*REQUIREMENT*: Repeat, exactly and with no pictures, the lines that run from the beginning of the entries through the line containing "Musa Ensete Ventricosum Maurelii - Imagen 2".

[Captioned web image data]
++++++++++++++++++++
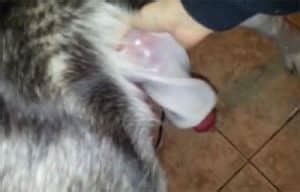 Masturbando Perros En Besuconas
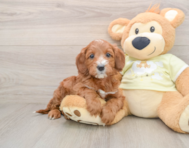 5 week old Mini Irish Doodle Puppy For Sale - Florida Fur Babies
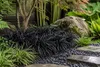 Schwarzer Schlangenbart Ophiopogon planiscapus 'Niger' – Produktbild-Vorschau 3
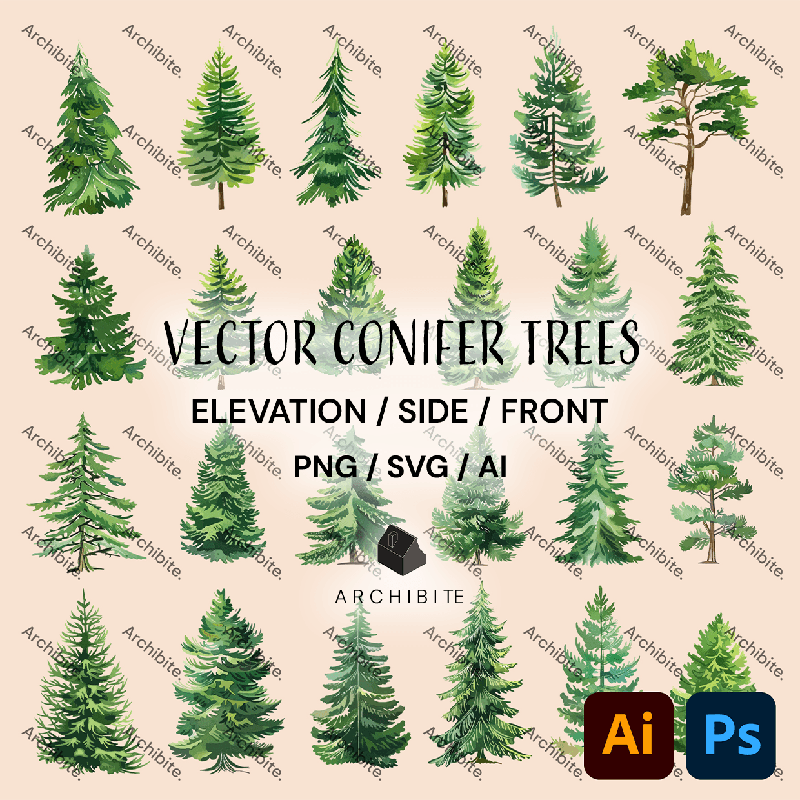Vector Conifer Trees Elevation - Main Image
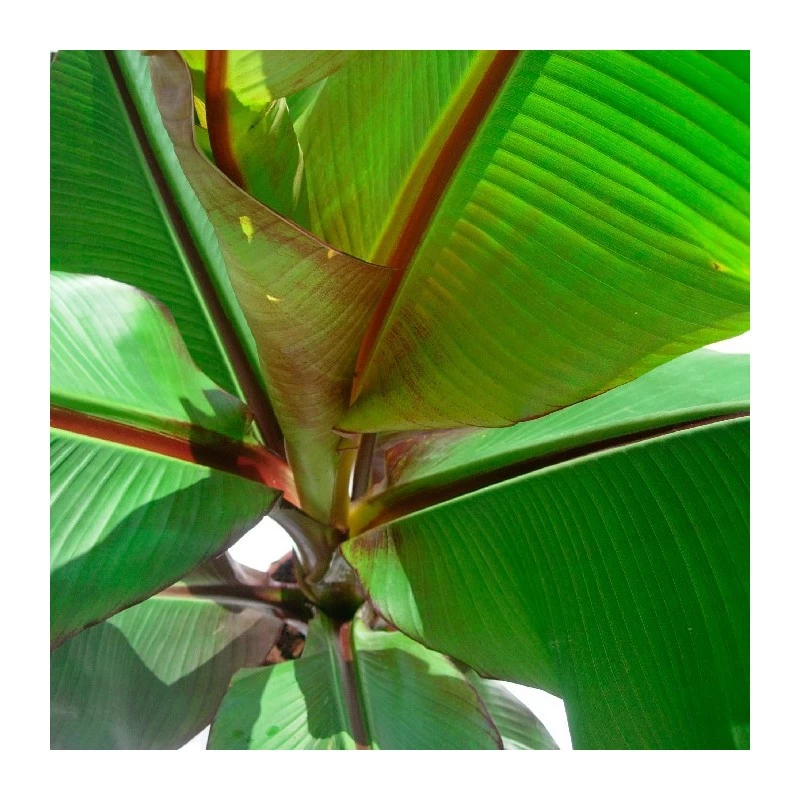 Musa Ensete Ventricosum Maurelii - Imagen 2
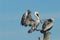 BIRDS- Florida- Close Up of Two Brown Pelicans in Battle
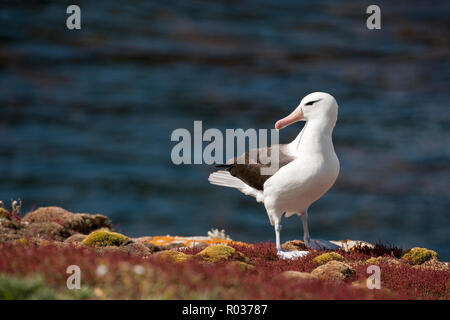 Mouette à sur le bord d'une falaise côtière. Banque D'Images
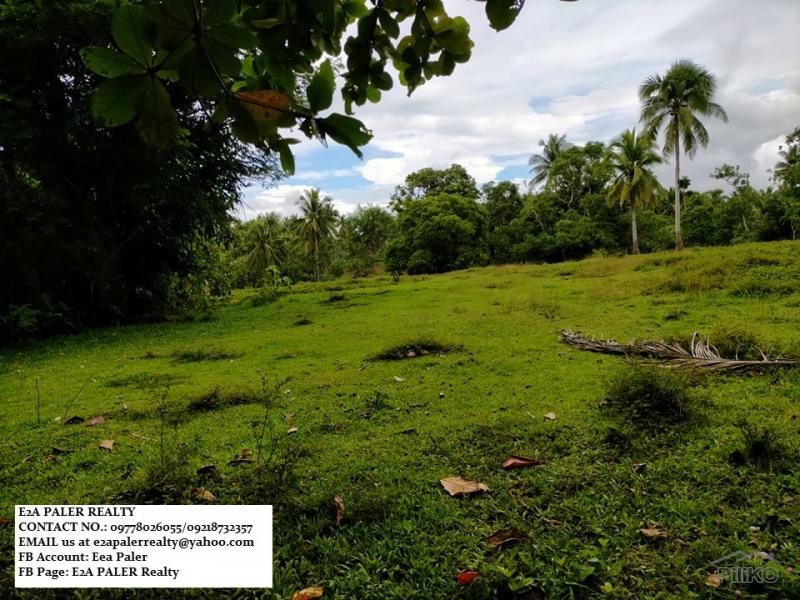 Agricultural Lot for sale in Daraga - image 2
++++++++++++++++++++
*OUTPUT BELOW*:
 Masturbando Perros En Besuconas
 5 week old Mini Irish Doodle Puppy For Sale - Florida Fur Babies
 Schwarzer Schlangenbart Ophiopogon planiscapus 'Niger' – Produktbild-Vorschau 3
Vector Conifer Trees Elevation - Main Image
 Musa Ensete Ventricosum Maurelii - Imagen 2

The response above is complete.